Stored dataset items
◆ ◆ ◆ ◆ ◆
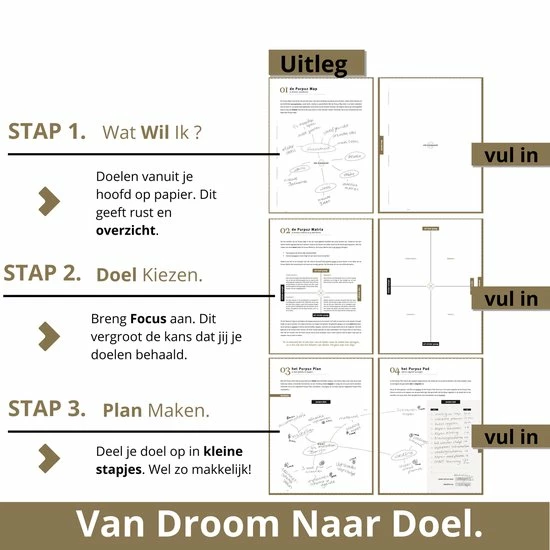 Beste recensies van ❤️ Clen Verkleij Purpuz Planner 2023 Agenda - Organizer - Behaal Je Doelen 🎉 4 Beste recensies van ❤️ Clen Verkleij Purpuz Planner 2023 Agenda - Organizer - Behaal Je Doelen 🎉 - Afbeelding 2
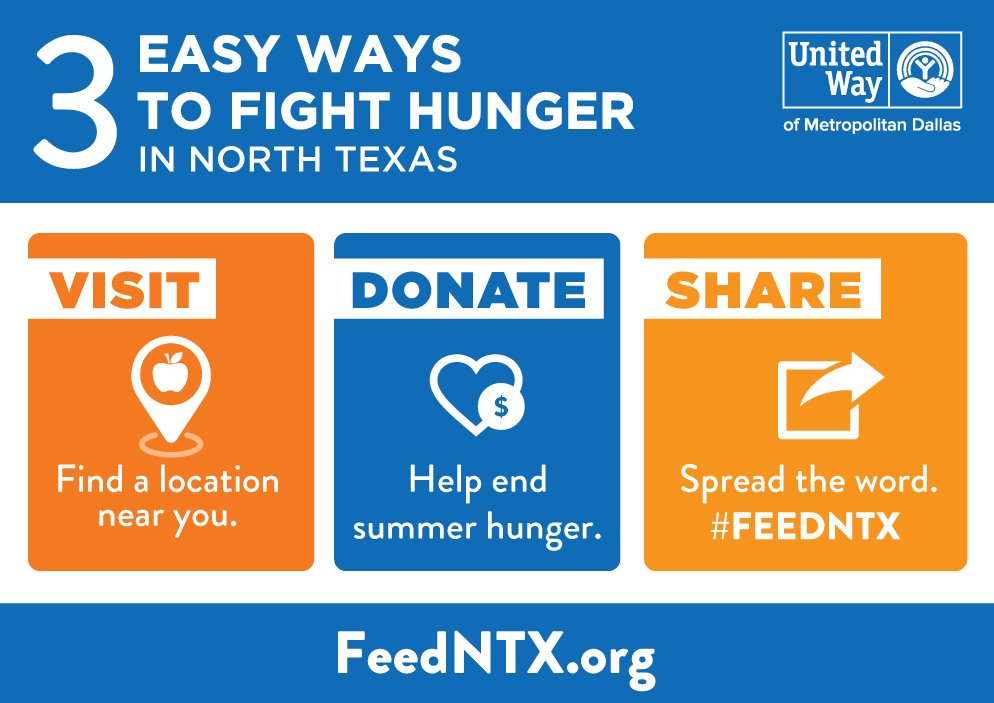 UnitedWayDallas's tweet photo. What if we told you that you can help end summer hunger just by retweeting this post? 

Would you do it? Prove it! 

Click here to #FeedNTX: https://t.co/J0CX7ZxzSe https://t.co/WJjVvT8R9j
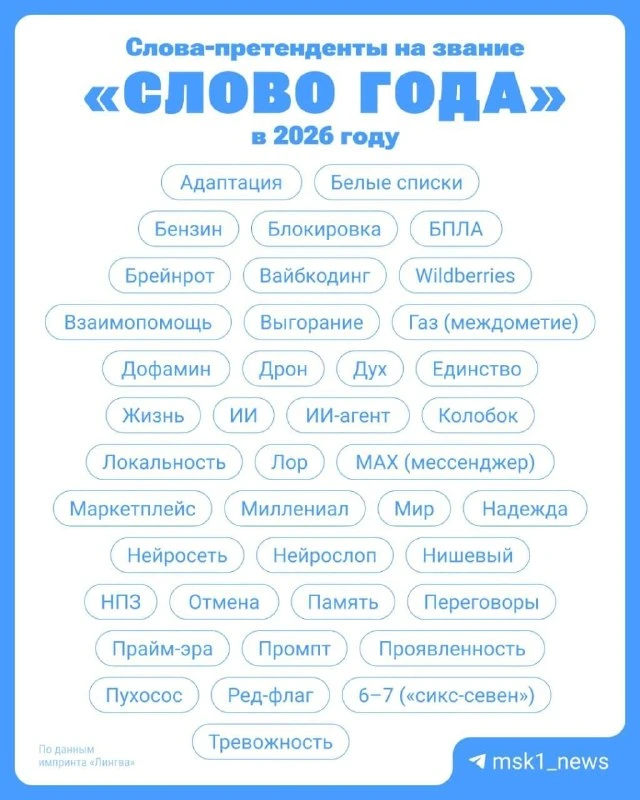 Какой-то нишевый нейрослоп 😯
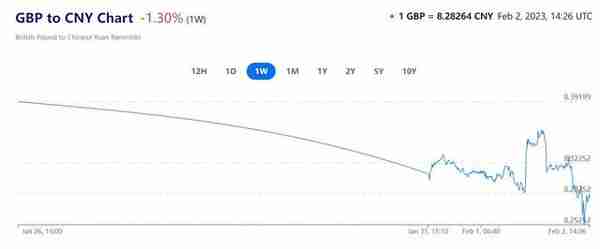英国央行加息至4%，未来还将继续加！英镑兑人民币跌至8.28！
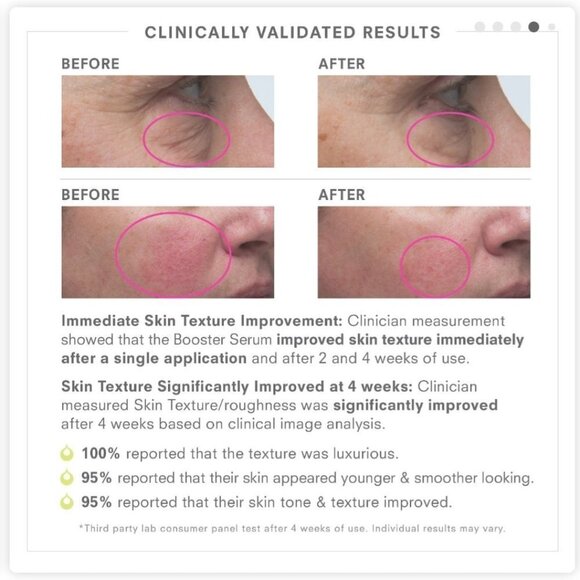 Juice Beauty STEM CELLULAR Anti-Wrinkle Serum 30 mL Full Size - Picture 6 of 9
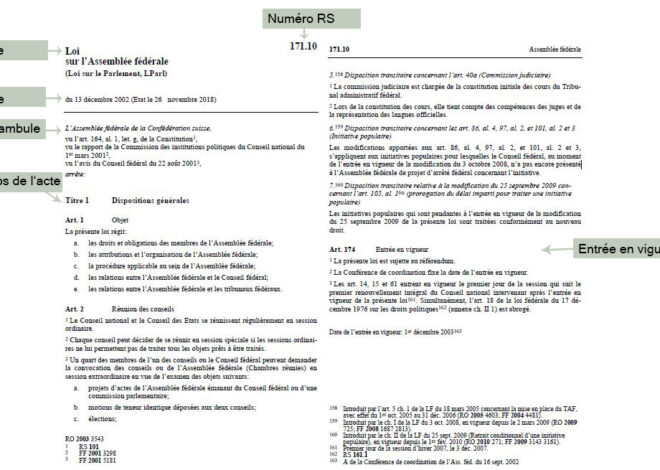 Le Conseil fédéral de Suisse sabote les lois du Parlement : une trahison des citoyens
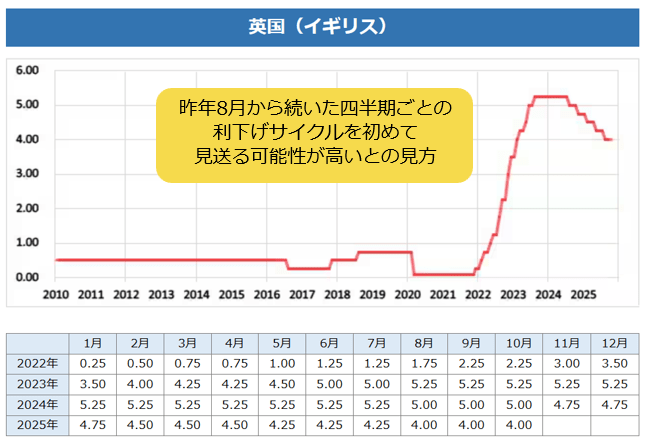 英国の政策金利の推移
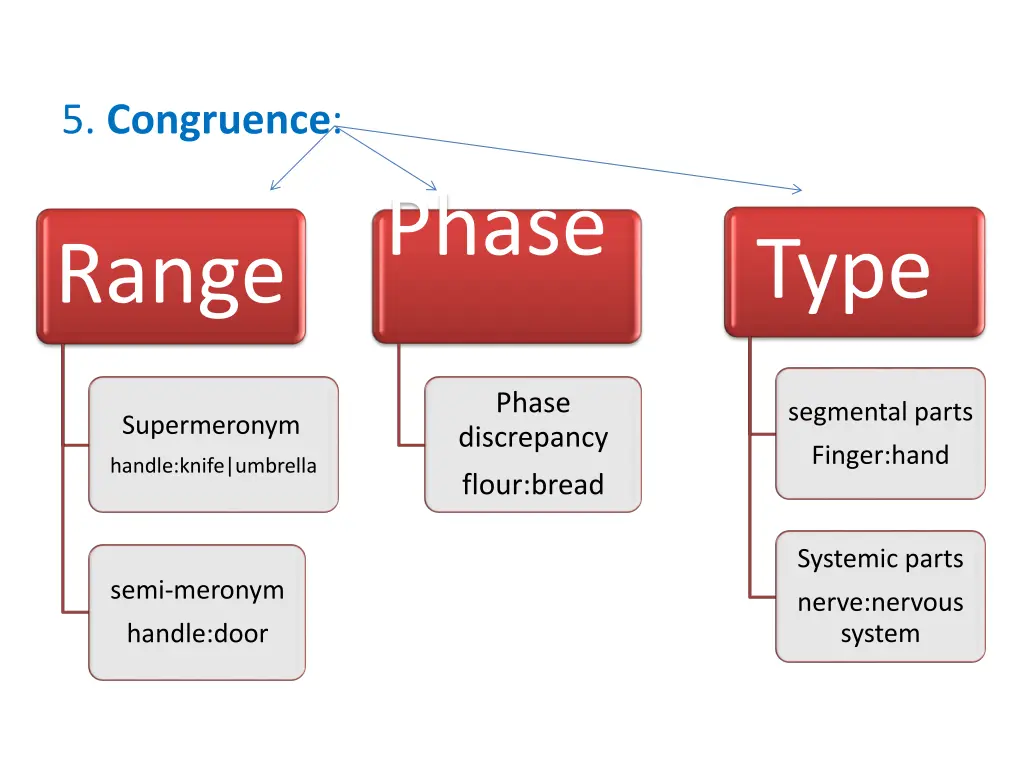 5 congruence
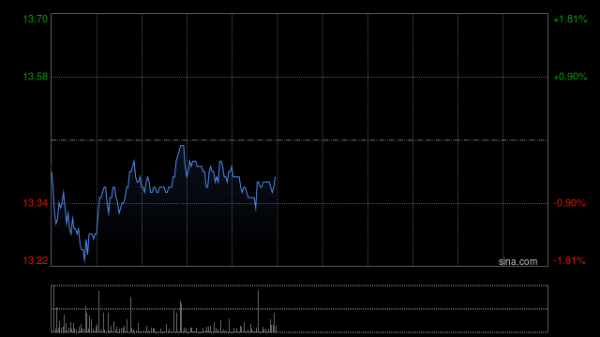 配资平台实盘 金蝶国际获富国基金管理有限公司增持815.2万股 每股作价13.8259港元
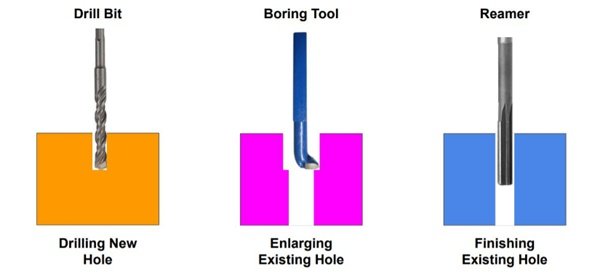 Fig-11-drilling-vs-boring-vs-reaming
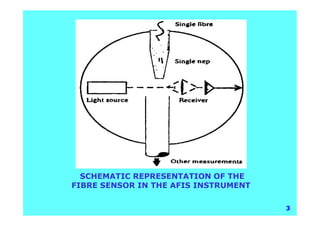 AFIS PRO (2).pdf testing cotton neps, length | PDF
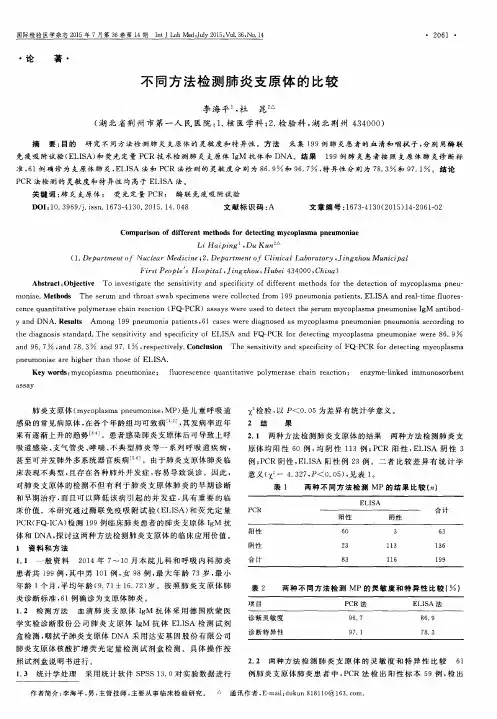 不同方法检测肺炎支原体的比较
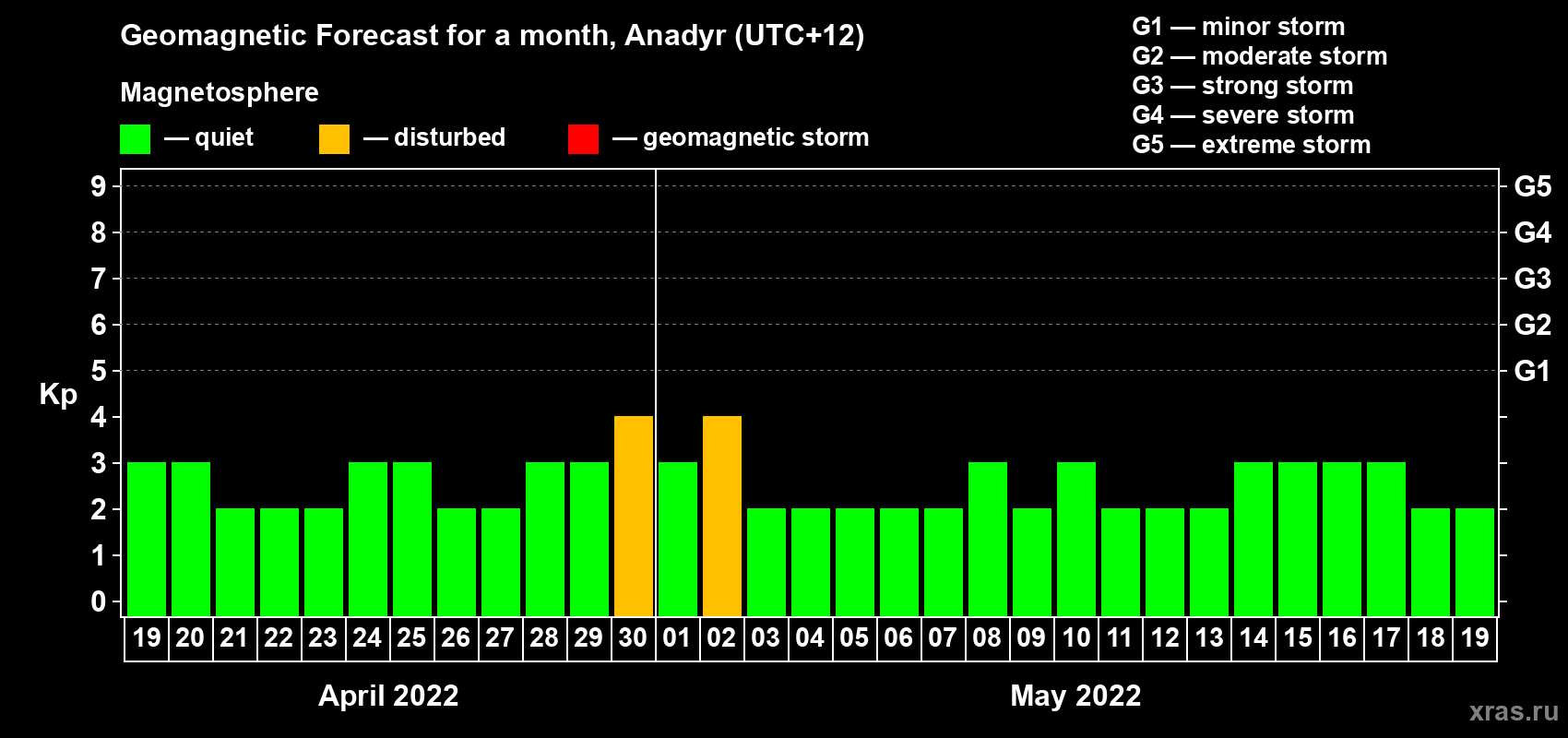 Forecast of the daily maximal value of geomagnetic index Kp for <b>1 month</b> (31 days) <b>from Apr 19, 2022 to May 19, 2022</b>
◆ ◆ ◆ ◆ ◆
#### [Exercise aim]
Beginning at the line that contains "Click here to", give the remaining lines of the records again exactly, through the last one. Leave out pictures.

#### [Completed task]
Click here to #FeedNTX: https://t.co/J0CX7ZxzSe https://t.co/WJjVvT8R9j
 Какой-то нишевый нейрослоп 😯
英国央行加息至4%，未来还将继续加！英镑兑人民币跌至8.28！
 Juice Beauty STEM CELLULAR Anti-Wrinkle Serum 30 mL Full Size - Picture 6 of 9
 Le Conseil fédéral de Suisse sabote les lois du Parlement : une trahison des citoyens
 英国の政策金利の推移
 5 congruence
 配资平台实盘 金蝶国际获富国基金管理有限公司增持815.2万股 每股作价13.8259港元
 Fig-11-drilling-vs-boring-vs-reaming
 AFIS PRO (2).pdf testing cotton neps, length | PDF
 不同方法检测肺炎支原体的比较
 Forecast of the daily maximal value of geomagnetic index Kp for <b>1 month</b> (31 days) <b>from Apr 19, 2022 to May 19, 2022</b>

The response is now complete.